Addressing a Serious Accusation
The actions that Founders Ministries took upon learning about the arrest of this pastor demonstrate our priorities. Likewise, the actions taken by others upon learning of this horrific crime reveal where their priorities lie.
We can see another example of one’s actions revealing their priorities in how Jared Wellman responded to this awful situation. For those unfamiliar with Wellman, he is the pastor of Tate Springs Baptist Church in Arlington, Texas. He has also been very involved in SBC politics and attempted to become the single most powerful leader in the convention.
Here is a brief rundown of Wellman’s involvement in SBC leadership:
Member of the 2020 ERLC Leadership Council under Russell Moore
Member of the SBC Resolutions Committee in 2019 (of “Resolution 9” fame), 2021, and 2020
Executive Board Member of Southern Baptists of Texas Convention, 2009-2013 and 2013-2017
Trustee at Criswell College, 2020-2021
Land Center Fellow at Southwestern Baptist Theological Seminary (SWBTS)
Adjunct Professor at SWBTS
Member of the Executive Committee (EC) of the SBC, 2015
Chairman of the SBC EC, 2022-2023
Chairman of the Cooperation Group appointed by SBC President Bart Barber, 2023-2024
Numerous people alerted me last Saturday night that Jared tried to implicate Founders Ministries in the sordid accusations against the Florida pastor because his (former) church was listed on our church search list. After linking to a story about the pastor’s arrest, Wellman posted this on X:
Why does Founders have zero accountability for churches they officially recommend as “healthy, biblically-grounded” churches while being so adamant about what kinds of churches can cooperate through the SBC?
I’m genuinely confused.
Founders’s own house is out of order.
Almost immediately, multiple pastors raised legitimate concerns about Jared’s post. Here are just a few excerpts of the many concerns raised:
“Knowing secret sins is not the job of a church search. They evaluate what confessions you claim to hold & look over a church’s teachings then list them. If your pastor engages in sexual sin privately & the church doesn’t even know, how is a church search supposed to know?” (Source)
“…this is how most church searches work (Founders, 9 Marks, TGC, etc). People submit their churches, and there is a disclaimer that this is the church identifying themselves and not an endorsement.
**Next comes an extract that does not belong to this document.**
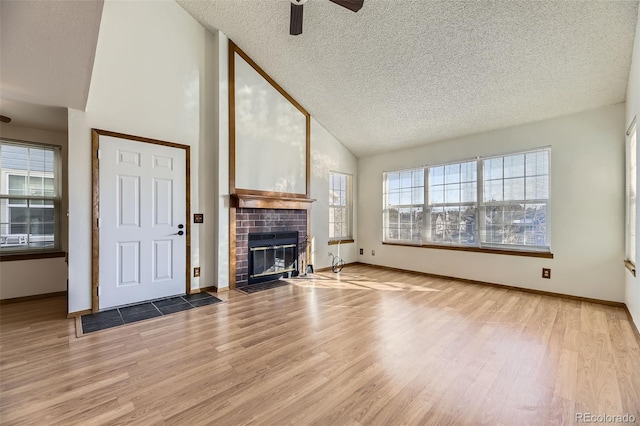 unfurnished living room with a brick fireplace, high vaulted ceiling, ceiling fan, and light hardwood / wood-style floors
Even a quick “verification of facts” can not identify evil men harboring secret sin.” (Source)
“What kind of accountability should be applied to a church who was unaware of the creep’s crimes and acted when it was revealed?” (Source)
“This is disingenuous but more importantly, simply being used as an opportunity to strike out at an ‘opponent.’” (Source)
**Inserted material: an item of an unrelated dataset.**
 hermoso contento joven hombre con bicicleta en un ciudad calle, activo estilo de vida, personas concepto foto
“If you go after Founders for recommending the church but removing their recommendation when they became aware of the pastor’s sin, how do you not take responsibility for the SBC recommending the church while you were chairman of the Executive Committee?” (Source)
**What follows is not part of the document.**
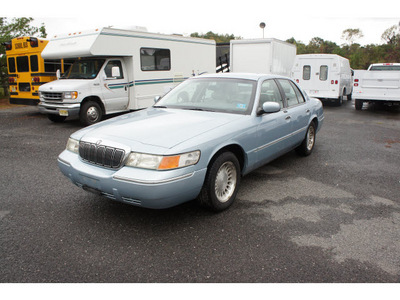 mercury grand marquis 2002 light ice blue sedan ls premium gasoline 8 cylinders rear wheel drive automatic with overdrive 07712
Jared’s response was not to engage with these concerns in good faith. Instead, he hid several critical replies before turning off the ability to respond to his post entirely.
As the President of Founders Ministries, I offered to talk to him privately about his public castigation of Founders. Sadly, he has not has responded. But his antics are instructive.
Never Let a Serious Crisis Go to Waste
Some will think Jared’s question is innocent and legitimate. Those more familiar with the radical progressive activist Saul Alinsky’s book Rules for Radicals will recognize that Wellman is simply following a script. Jared’s accusation doesn’t come from a confused mind. Rather, it comes from one that has an agenda.
Following the maneuver popularized by President Obama’s Chief of Staff Rham Emanuel (but first articulated by Machiavelli), Wellman simply could not let a serious crisis go to waste. That’s what his post on X was about. He took this tragic, horrific story and turned it into an opportunity to signal his virtue to a watching world while casting aspersion on Founders Ministries. Why? I will leave motives to God, but it is obvious to anyone who has kept up that I have been among those who have repeatedly protested the way that recent SBC leaders have been steering the SBC into bad paths.
Sadly, this is not the first time that Southern Baptists have seen such behavior from Wellman. He saw his political profile rise during a crisis, and he has continued to go back to that well. Every serious crisis is an opportunity for Wellman and those like him to gain more political power and attack those perceived enemies.
After Ronnie Floyd resigned as president of the EC over controversy related to an abuse investigation, Wellman used his position as Chairman of the EC and member of the search committee to attempt to take the vacant presidency for himself. He secretly resigned from the Executive Committee days before the search committee announced that he was their pick for one of the most powerful positions in the Southern Baptist Convention.
Once these back-alley dealings were brought to light, an unforeseen groundswell of opposition arose from rank-and-file SBC churches. Even liberals who liked Wellman recognized that he did not act ethically when he attempted to use a search committee on which he served to secretly appoint himself to the most powerful role in the Southern Baptist Convention. The opposition that arose led to several EC members breaking ranks, and Jared failed to be elected to the post.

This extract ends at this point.